JSW Group is in advanced talks with Japanese and South Korean firms to set up a battery-cell manufacturing JV in India.
Context: China still dominates over 70% of the world’s battery-cell and component production, controlling key materials like lithium, graphite, and separators.
For Indian manufacturers, that’s both a strategic and economic risk. JSW’s move signals a deliberate pivot, building tech partnerships beyond Beijing’s reach while aligning with India’s supply-chain independence push.
What’s the deal: the proposed joint venture will cater to EVs, commercial fleets, and grid-scale energy storage systems.
Talks are reportedly in the final stretch, with a deal expected by March next year. Japanese and Korean partners will likely bring advanced cell chemistry and raw-material expertise, while JSW focuses on local production and scaling.

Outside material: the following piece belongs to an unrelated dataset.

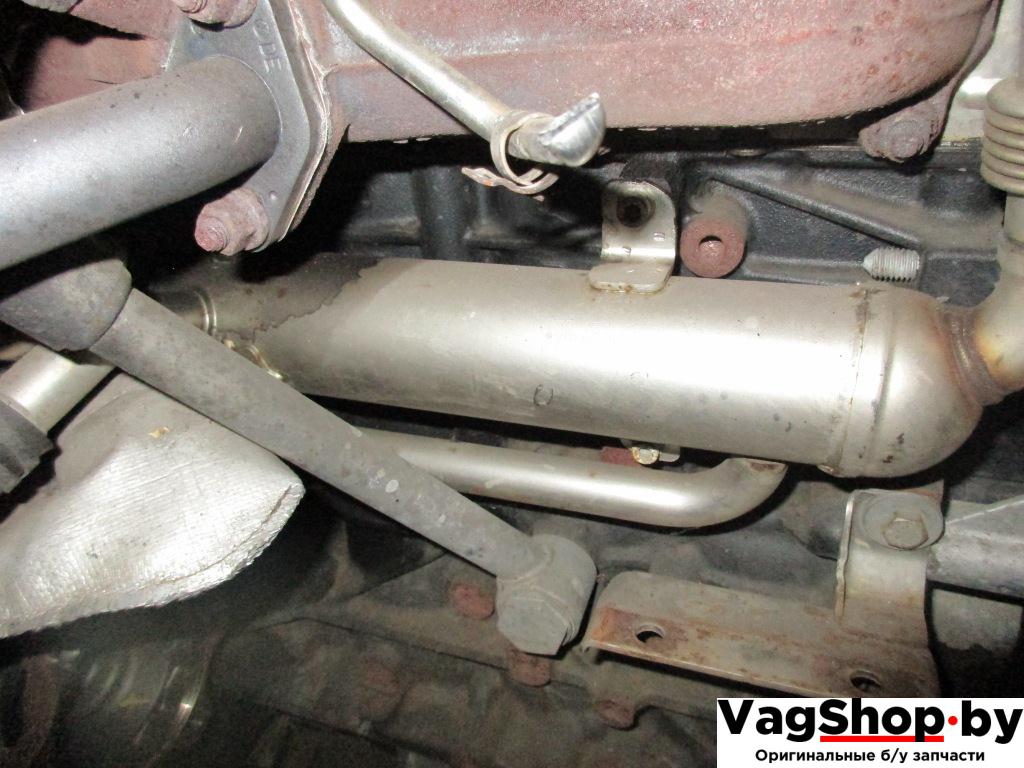 охладитель EGR / Радиатор EGR Volkswagen Golf 5 поколение 2005, 2.0 л., TDi, BMM, дизель, АКПП, черный, хетчбэк 5 дв., передний привод, 03G131512S - фото №1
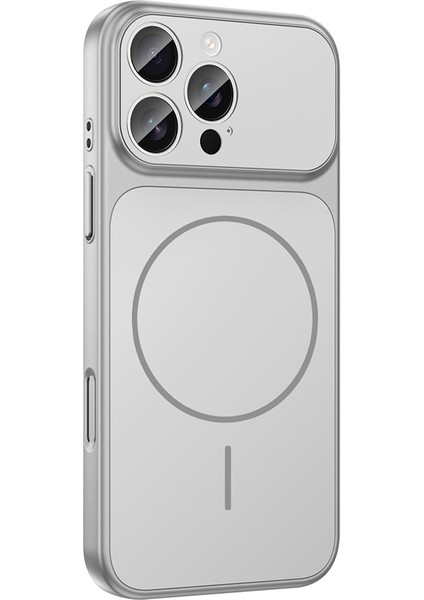 iPhone 15 Pro Max Kılıf Frms M-Safe Şarj Özellikli Kamera Korumalı Formen Kapak - Siyah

How it helps India & JSW: for India, this means a step to localised battery production reduces import costs and improves supply resilience.
For JSW, it’s a leap into the EV and clean-energy value chain, helping it secure steady access to cells for its upcoming vehicle and power-storage ventures, while cushioning against global price volatility.
Big theme: India’s battery-cell market is just taking shape but could hit $15–20 billion by 2030, driven by the EV boom and renewable storage needs.
As players like JSW, Ola, and Reliance rush to build domestic capacity, the real race is for technology, localisation, and scale.